Needs and wants are actually very close together. What is a need for you in the western world is not necessarily for someone else across the African Savanna.

as for the rest that you said, I don't undestand what you are trying to say

Its an answer to kyriacos who wrote:

Back in 1850 people thought that the industrial revolution would make many things obsolete. They couldn't imagine that the new technology would bring exponentially more jobs and additional opportunities that they could have never imagined.

-- and a lot of that additional jobs and production has moved into wants.

Wants and needs are close together, but fairly easy to decide which is which.
Having a heated, dry house is a need. Having triple the space of the people 100 years ago is a want.
Having (preferably quality) food is a need, going out to let someone cook for you is a want.
Having a phone today is often a need. Having a 600$ iPhone instead of a 30$ cheapo is a want.
Having an 30 inch TV is maybe a need (and that is very debatable, that TV is a need), but having a 60+ inch with 300 channels cable is a want, and a very stupid too.

In most cases you can recognize wants as "having MORE" of the same.
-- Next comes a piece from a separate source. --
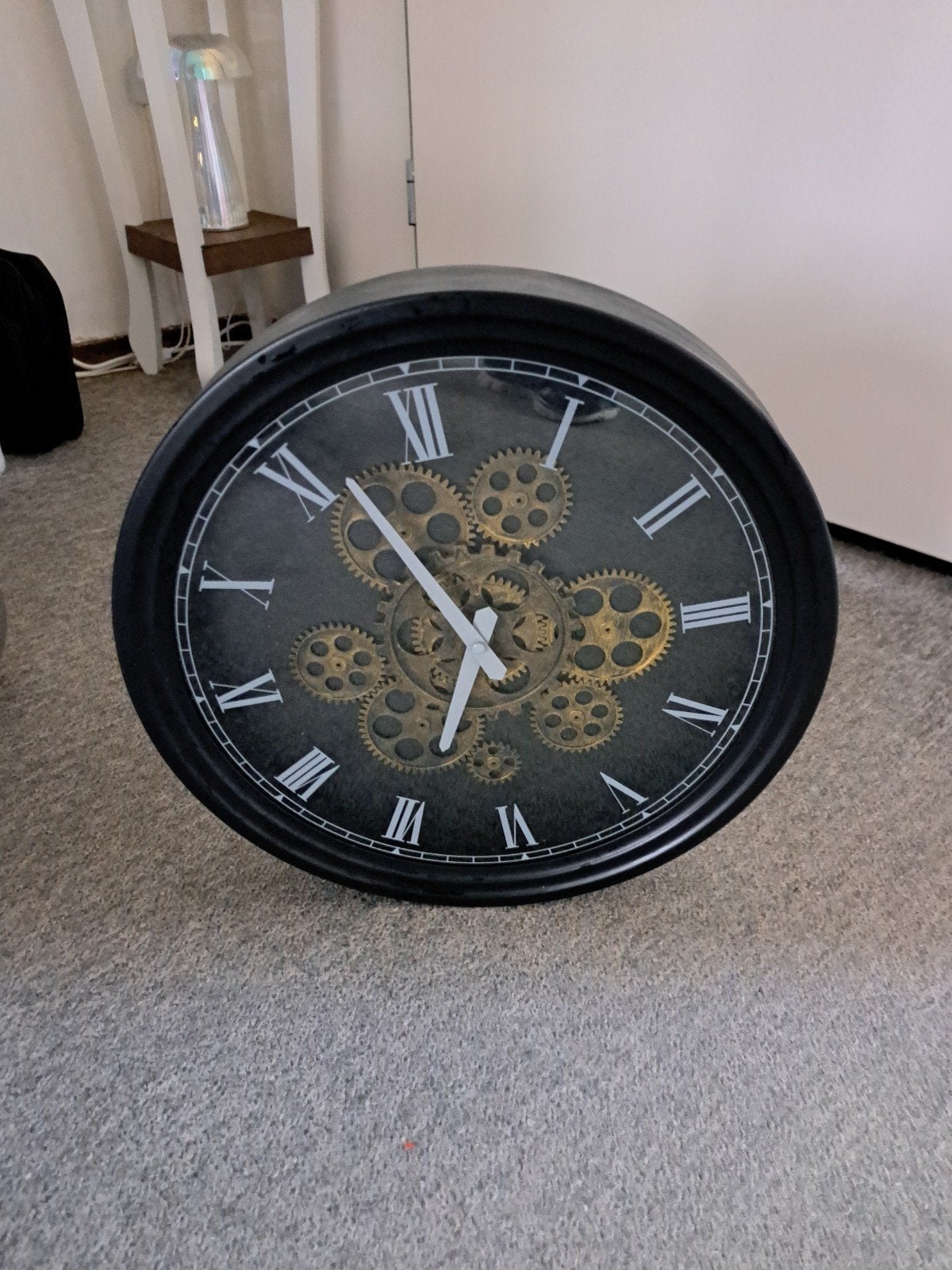 Mooie klok, Ophalen, Zo goed als nieuw, Wandklok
"Automation will change nothing. If anything it will increase needs in other means of employment."
The question then is if these other means of employment require the same skills, smartness, knowledge and numbers as the "old" jobs, and if people are willing to pay for their being done by a human. After all, the goal of automation at the moment isn't freeing people of unpleasant jobs to make them happier and pursue other callings, but making unskilled labour, and even skilled labour if at all possible, obsolete.
I just wonder if the minimum skill level required to get or do any job isn't rising. If that is so, new opportunities aren't enough to stop excluding a growing number of people.

we are always goign to have unpleasant jobs. what was an unpleasant job in the 1750's was a dream job a century earlier.